Moody’s affirms Norske Skog’s ratings following revised exchange offer; (P)Ca and (P)C ratings remain unchanged

Moody‘s Investors Service, has affirmed Norske Skogindustrier ASA’s (Norske Skog) Corporate Family Rating (CFR) at Caa3 and the Probability of Default Rating (PDR) at Ca-PD. Moody’s also affirmed Norske Skog’s Ca (LGD5) ratings of the legacy senior unsecured notes due 2016, 2017 and 2033, the Caa2 (LGD2) rating of the EUR290 million senior secured notes due Dec-2019 issued by Norske Skog AS, as well as the Caa3 (LGD3) rating of the senior unsecured notes due 2021 and 2023, issued by Norske Skog Holdings AS. The outlook on all ratings is negative.
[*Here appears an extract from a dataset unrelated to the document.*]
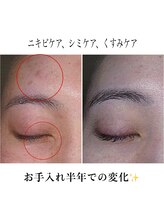 ザ フェース 難波店(THE FAITH)/お客様の肌変化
The provisional (P)Ca (LGD 5) rating of the proposed senior unsecured Exchange Notes due December 2026 and provisional (P)C (LGD 6) rating of the senior subordinated Perpetual Notes issued by Norske Skog remain unchanged.
The rating action follows Norske Skog’s recently revised debt exchange offer that was launched to all holders of the 2017 notes which, if executed successfully, would qualify as distressed exchange under Moody’s definition. The new exchange offer expires at 12 noon GMT on Wednesday 6 April. Upon successful conclusion of the transaction, Moody’s expects to assign a “/LD” indicator to the company’s PD rating. The other provisional ratings (P)Ca senior unsecured notes rating of Norske Skog and (P)Caa1 senior secured notes rating of Norske Skog AS) assigned prior to the recently revised exchange offer are withdrawn.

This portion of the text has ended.